Before this point, the US ‘pivot’ to Asia’s most noticeable feature was the transfer of military assets to the Asia-Pacific. Around 3,000 US marines have been posted to Darwin, Northern Australia. Three US navy littoral combat ships have been posted to Singapore for use in the largely littoral Southeast Asian waters. In addition to its permanent presence, the US military has been enhancing its cooperation with the armed forces of twelve Southeast Asian states through war-games and exercises. When video footage of an American P-8 Poseidon being told to ‘leave immediately’ was made public, the footage began with the surveillance plane lifting off from the Philippines. Clear, a significant number of military assets have been transferred and are continuing to be transferred to the Asia-Pacific region.

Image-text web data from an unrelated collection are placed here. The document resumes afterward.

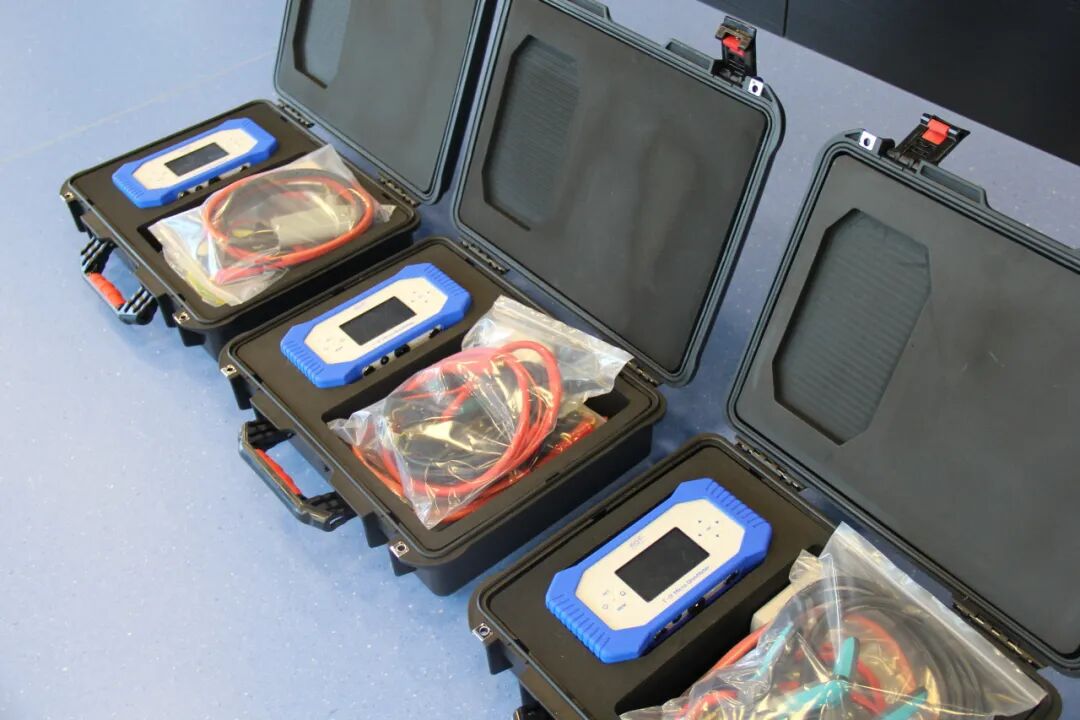 回路电阻在变电站稳定运行的重要协助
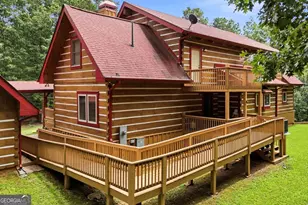 116 Hidden Cove Dr, Ball Ground, GA 30107 - Photo 53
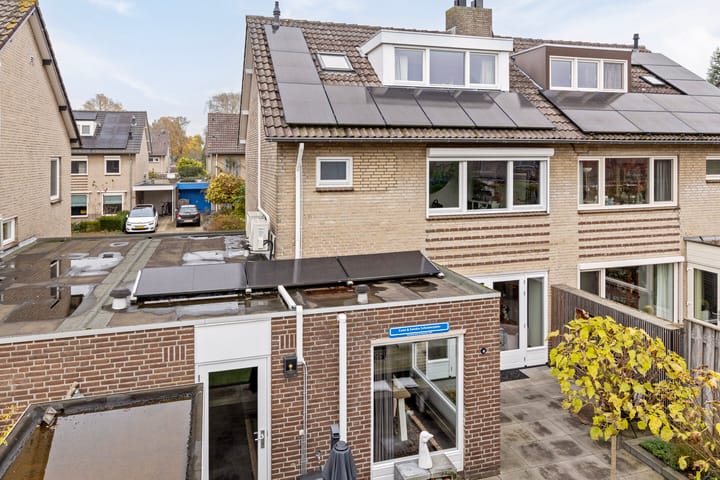 Foto 33 van Driebladhof 15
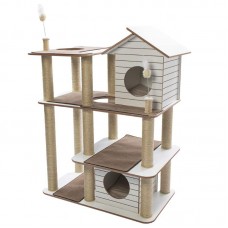 1979 - ARRANHADOR GAMBOA - 109X73X148 CM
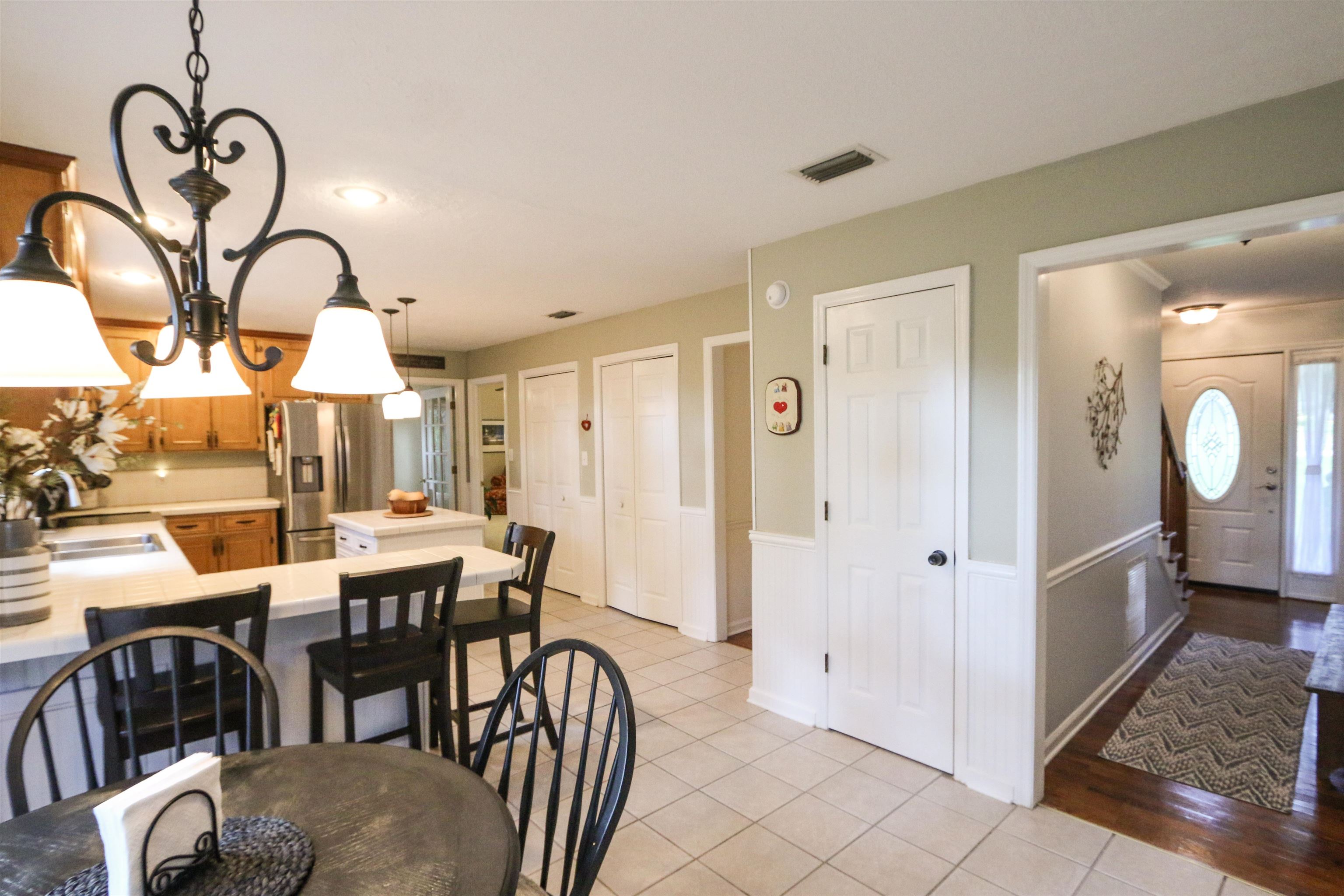 2027 Wildridge Drive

Announcements and speeches over the past month suggest that the rebalance to Asia has shifted to a more multilateral approach which focuses more and more on alliance and institution building, rather than unilateral or bilateral actions. The best example of this is the US Secretary of Defence Ash Carter’s comments on April 6th in Arizona. Carter remarked that: “[Y]ou may not expect to hear this from a Secretary of Defense, but in terms of our rebalance in the broadest sense, passing TPP is as important to me as another aircraft carrier. It would deepen our alliances and partnerships abroad and underscore our lasting commitment to the Asia-Pacific. And it would help us promote a global order that reflects both our interests and our values.”
Carter’s point is that the United States cannot effectively rebalance towards Asia if that rebalance does not include stronger partnerships with Asian countries.
This attitude is likewise supported by Carter’s announcement of a new Southeast Asia Maritime Security Initiative during his speech at this years’ Shangri-La Dialogue. Details on this initiative are thin. The only figure Carter mentioned was a $425 million budget and the fact that the United States would be appointing a new defence advisor to the ASEAN headquarters in Jakarta. This appointment suggests that the United States intends to implement its new initiative by way of multilateral institutions.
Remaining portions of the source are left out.